Mississippi Supreme Court resolves conflicting opinions in irreconcilable divorces

Last week, the Mississippi Supreme Court settled a dispute to a technical question in irreconcilable divorce cases. Many times, one party will file for divorce alleging a fault-based ground but also alleging irreconcilable differences as an alternative ground. As the case proceeds, the parties agree to divorce on irreconcilable differences. Before the court can approve the divorce on irreconcilable differences, the party that alleged fault-based grounds must file a motion to withdraw those grounds and the court must sign an order withdrawing those grounds. That is what Mississippi Code Section 93-5-2(5) requires. If the Court approves the divorce without the fault-based grounds being withdrawn, then the judgment is void. There is one exception to this rule.

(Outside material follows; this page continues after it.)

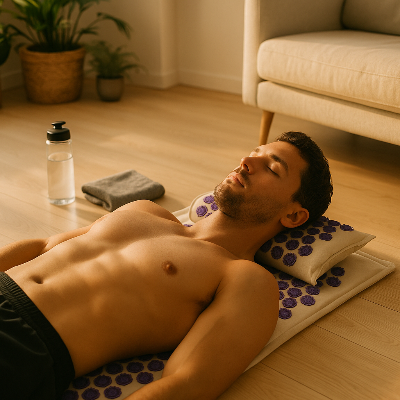 Un homme est allongé sur le dos sur le tapis champ de fleur - Zen eco violet dans son salon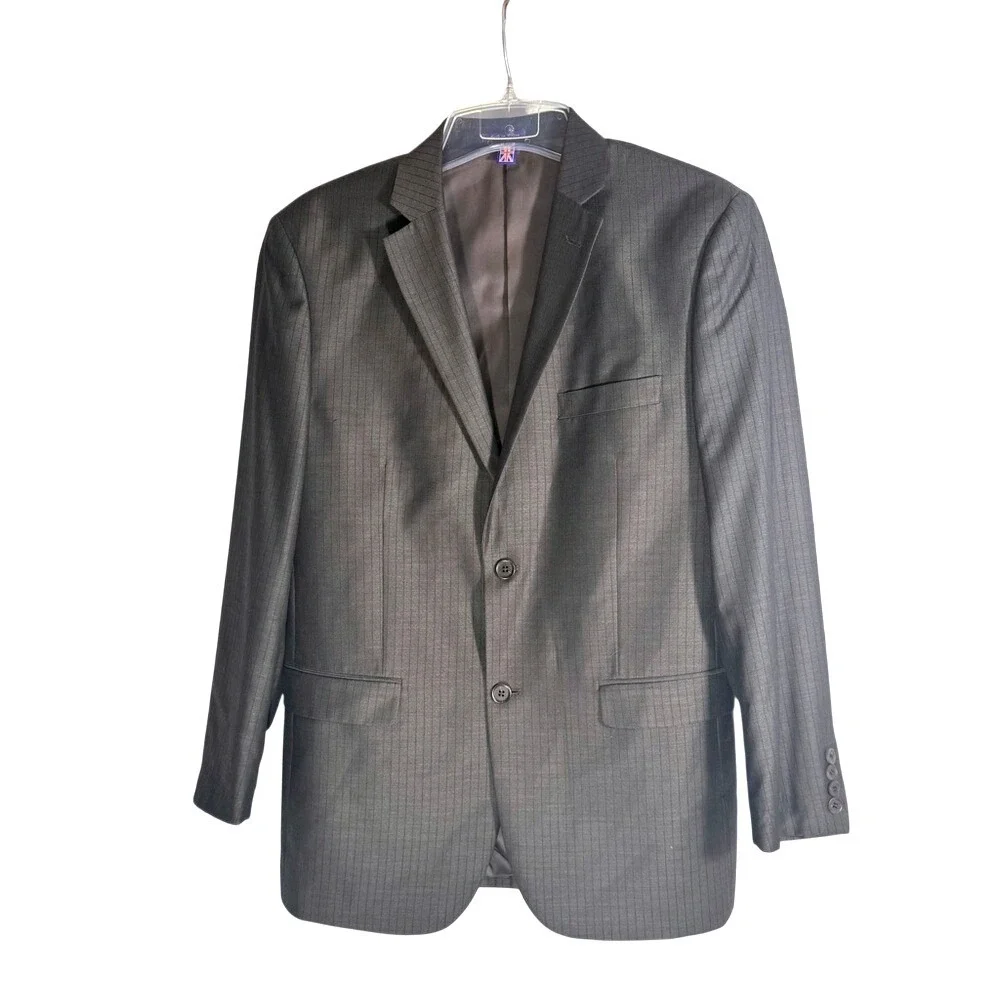 The Savile‎ Row Men's Dark Gray with black stripe Blazer size 40 R Double Vent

Under Mississippi Code Section 93-5-2(3), the parties may agree to a divorce based upon irreconcilable differences, but submit for the court’s determination other matters such as child custody, support, or property division. In those cases, the parties must file a written consent, signed by both parties, stating that the parties agree to divorce based on irreconcilable differences and voluntarily consent to permit the court to decide the remaining issues. If one of the parties previously alleged a fault-based ground before the parties agreed to irreconcilable differences, that party is not required to file a motion to withdraw the fault-based grounds. In O'Neal v. O'Neal, decided last week, that is what occurred.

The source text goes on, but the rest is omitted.